[Start of section]

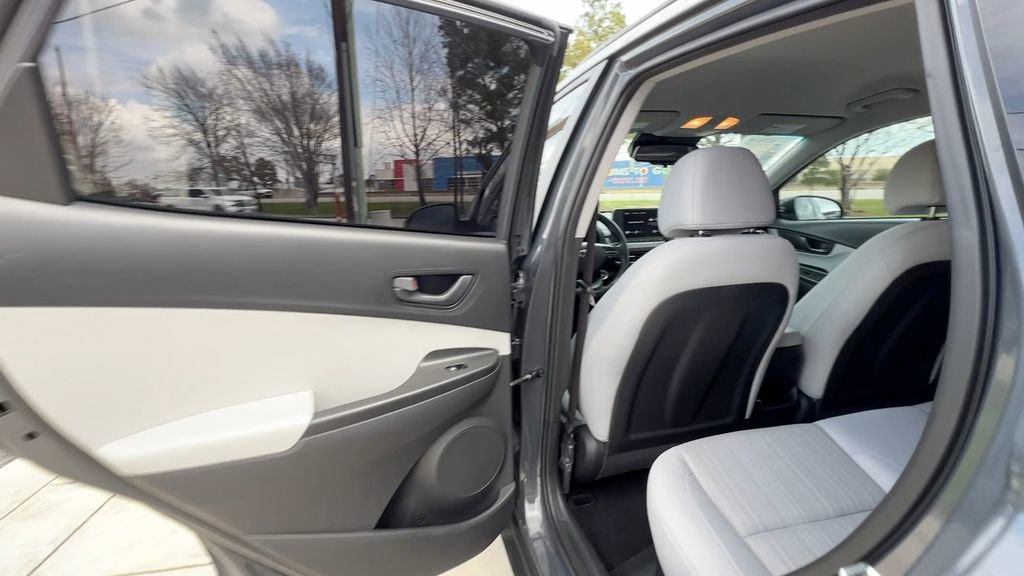 Used 2023 Hyundai Kona SEL w/ Cargo Package image 37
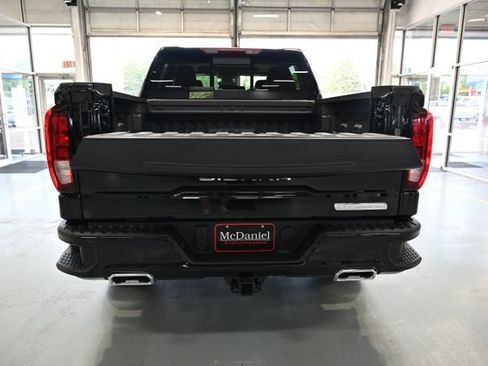 New 2026 GMC Sierra 1500 Elevation w/ Elevation Premium Package AWD/4WD image 7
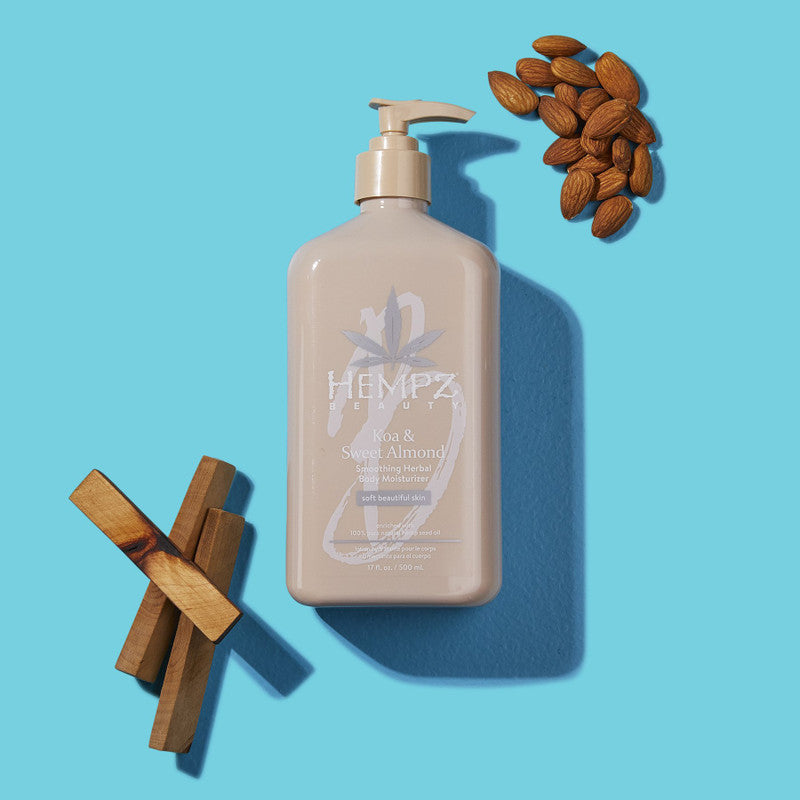 Hempz Kakavos ir Migdolų Drėkinantis ir stangrinantis Kūno Kremas su Kanapių aliejumi drėkina ir mikština sausą odą, neleidžia įdegiui išblukti - Koa & Sweet Almond Smoothing Herbal Body Moisturizer & Tan Extender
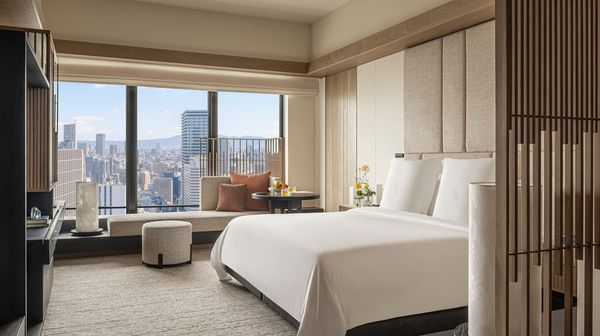 Four Seasons Hotel Osaka interior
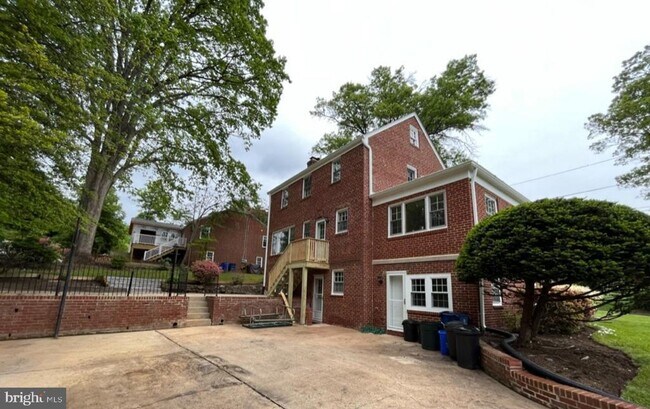 Building Photo - 4408 Glenridge St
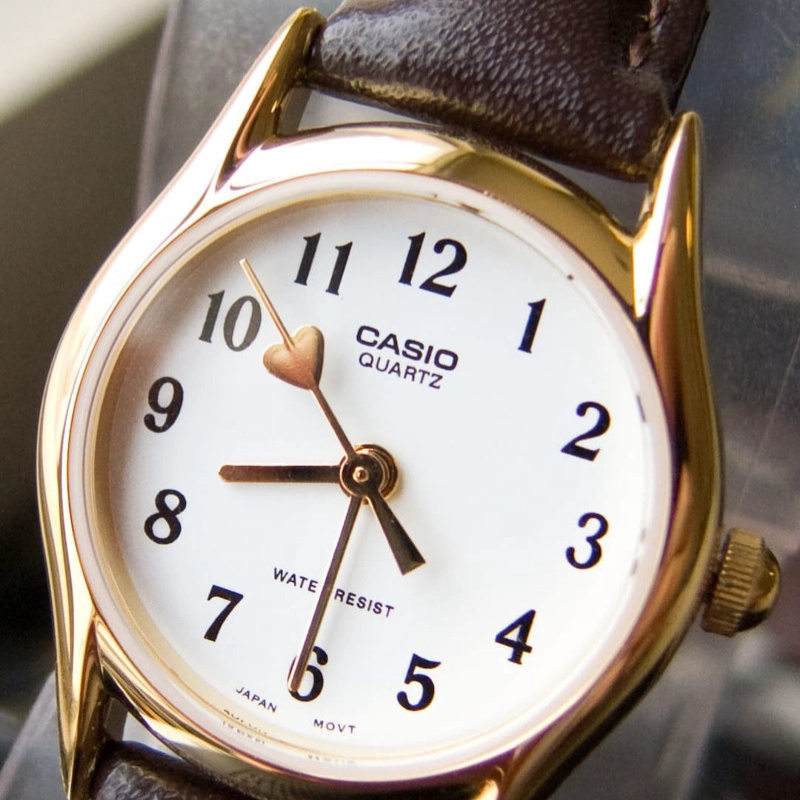 Reloj Casio Análogo Mujer LTP-1094Q-7B5-2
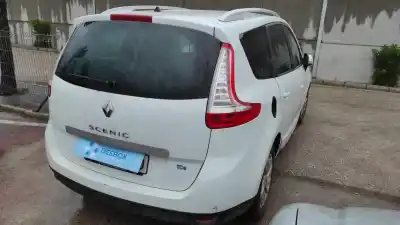 Veicolo di demolizione renault scenic iii 1.2 tce dell'anno 2015 alimentato h5fa4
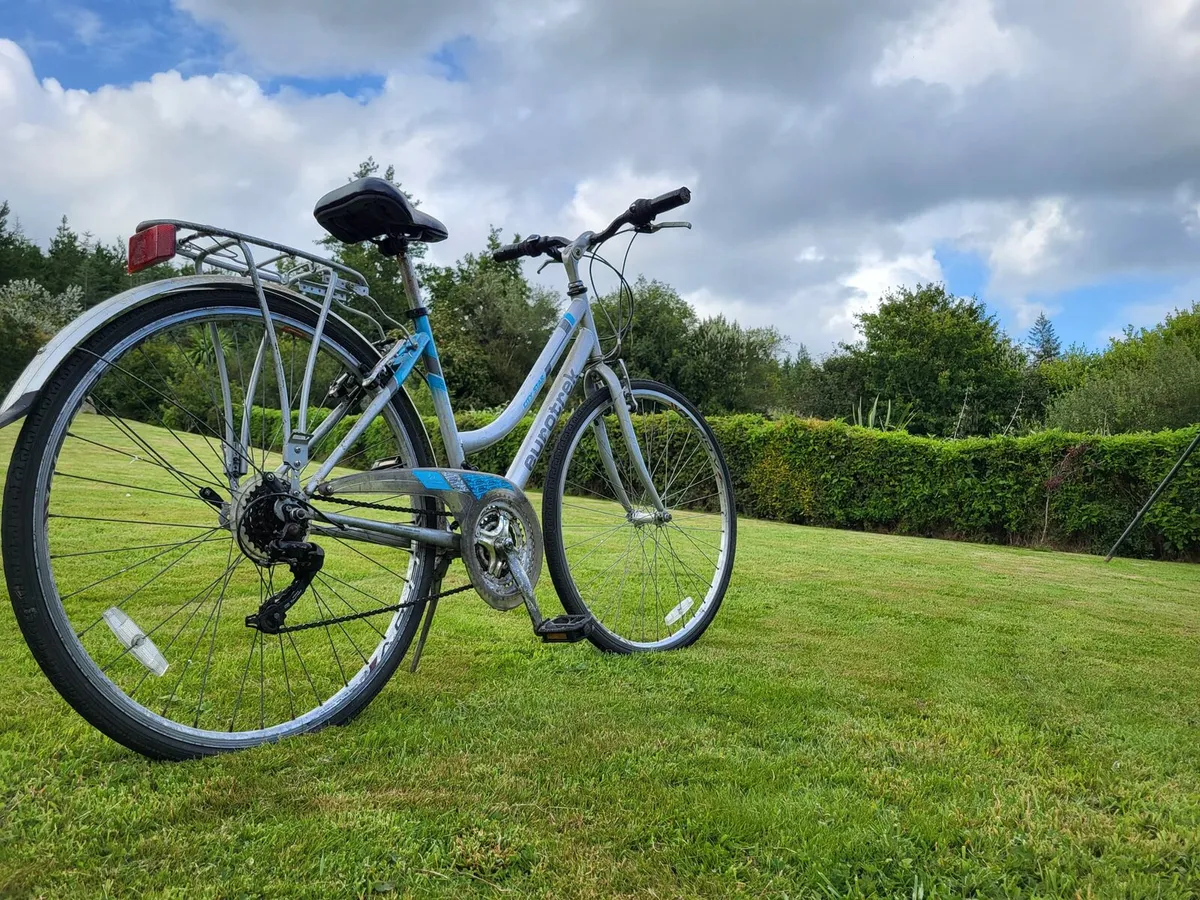Women's bike - Image 2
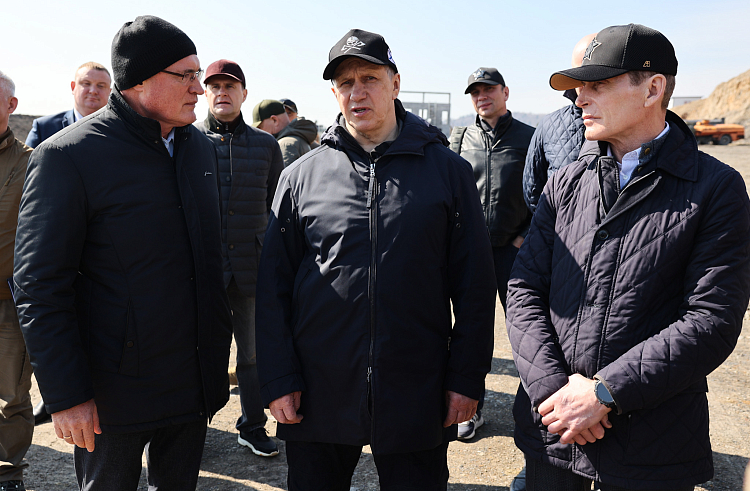 Юрий Трутнев проверил строительство снайперского полигона в Приморье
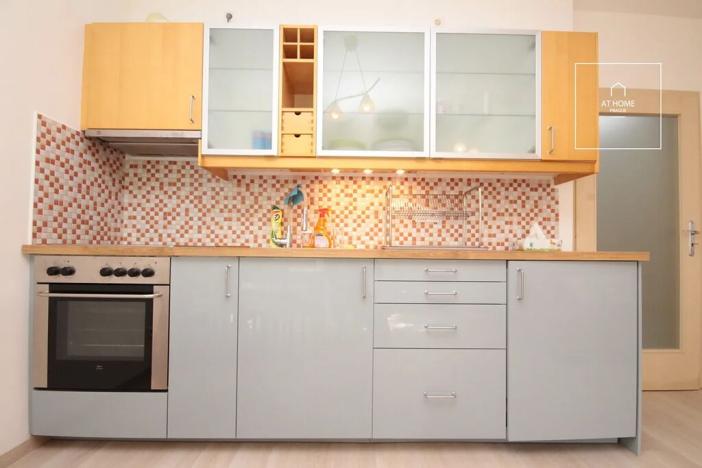 Pronájem bytu 1+kk, Praha - Malešice, Ungarova, 36 m2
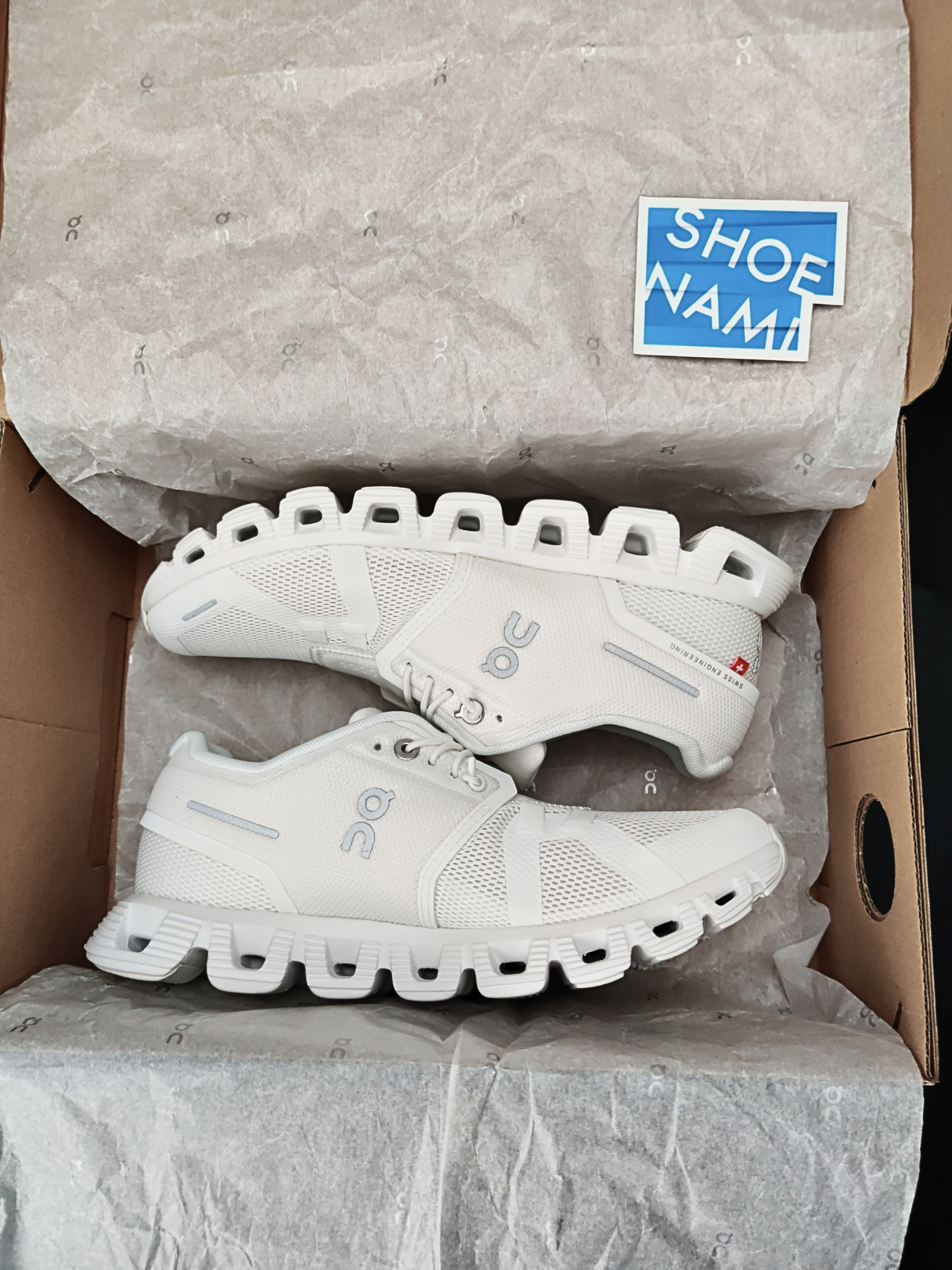 on-cloud-5-undyed-white-womens-59.98373-6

[End of section]

- **EXERCISE AIM**
Transcribe the listing in full. Leave the pictures out.

- **ANSWER SPACE**
 Used 2023 Hyundai Kona SEL w/ Cargo Package image 37
 New 2026 GMC Sierra 1500 Elevation w/ Elevation Premium Package AWD/4WD image 7
 Hempz Kakavos ir Migdolų Drėkinantis ir stangrinantis Kūno Kremas su Kanapių aliejumi drėkina ir mikština sausą odą, neleidžia įdegiui išblukti - Koa & Sweet Almond Smoothing Herbal Body Moisturizer & Tan Extender
 Four Seasons Hotel Osaka interior
 Building Photo - 4408 Glenridge St
 Reloj Casio Análogo Mujer LTP-1094Q-7B5-2
 Veicolo di demolizione renault scenic iii 1.2 tce dell'anno 2015 alimentato h5fa4
Women's bike - Image 2
 Юрий Трутнев проверил строительство снайперского полигона в Приморье
 Pronájem bytu 1+kk, Praha - Malešice, Ungarova, 36 m2
 on-cloud-5-undyed-white-womens-59.98373-6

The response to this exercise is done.